=== Section Start ===

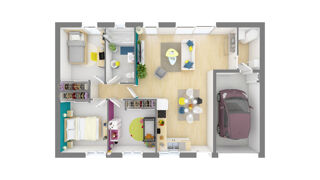  Maison 4 pices 75 m Seilh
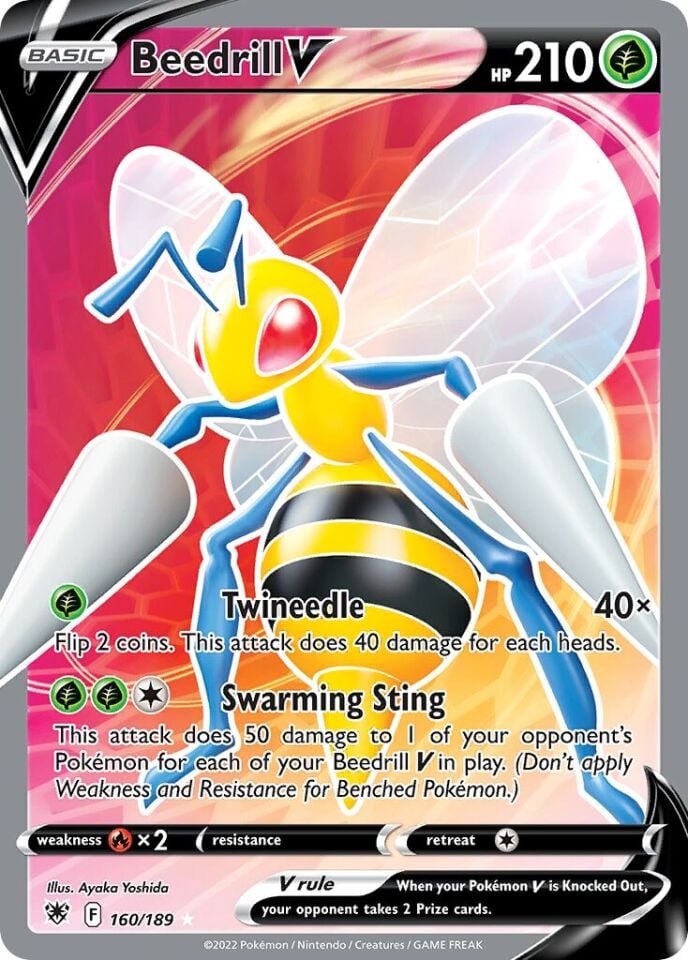 Beedrill V 160/189 - Astral Radiance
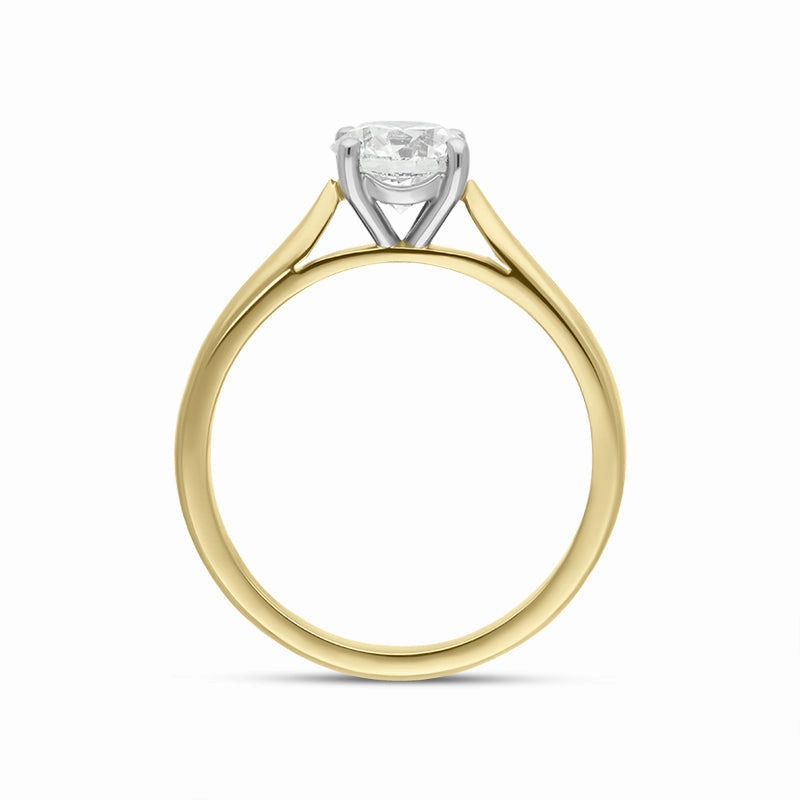 18ct Yellow Gold 1.00ct Diamond Round Brilliant Cut Solitaire Ring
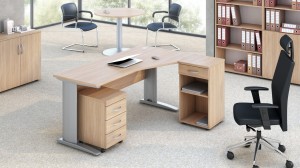 Zestaw biurowy w wersji dąb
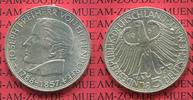 Bundesrepublik Deutschland, FRG, Germany 5 DM Silber Gedenkmünze 5 DM 1957 J, 100. Todestag von Joseph Freiherr von Eichendorff J. 391,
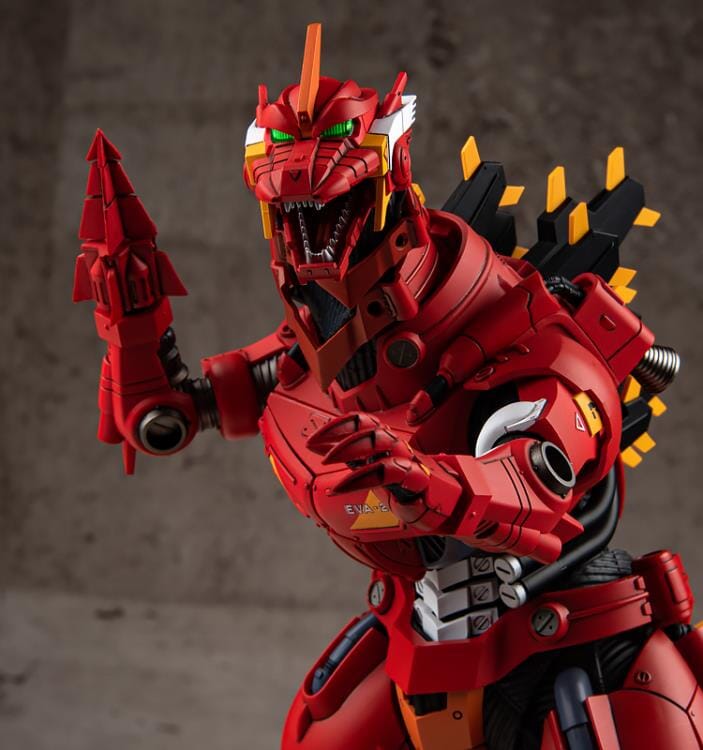 Godzilla vs. Evangelion Mechagodzilla (Type-3 Kiryu EVA Unit-02 Color Ver.) Exclusive Model Kit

=== Section End ===

WORK REQUEST -> Starting at the line that contains "Bundesrepublik Deutschland, FRG, Germany", reproduce exactly and only the lines through the end of the entries above, with the pictures excluded.

OUTPUT BELOW ->
 Bundesrepublik Deutschland, FRG, Germany 5 DM Silber Gedenkmünze 5 DM 1957 J, 100. Todestag von Joseph Freiherr von Eichendorff J. 391,
 Godzilla vs. Evangelion Mechagodzilla (Type-3 Kiryu EVA Unit-02 Color Ver.) Exclusive Model Kit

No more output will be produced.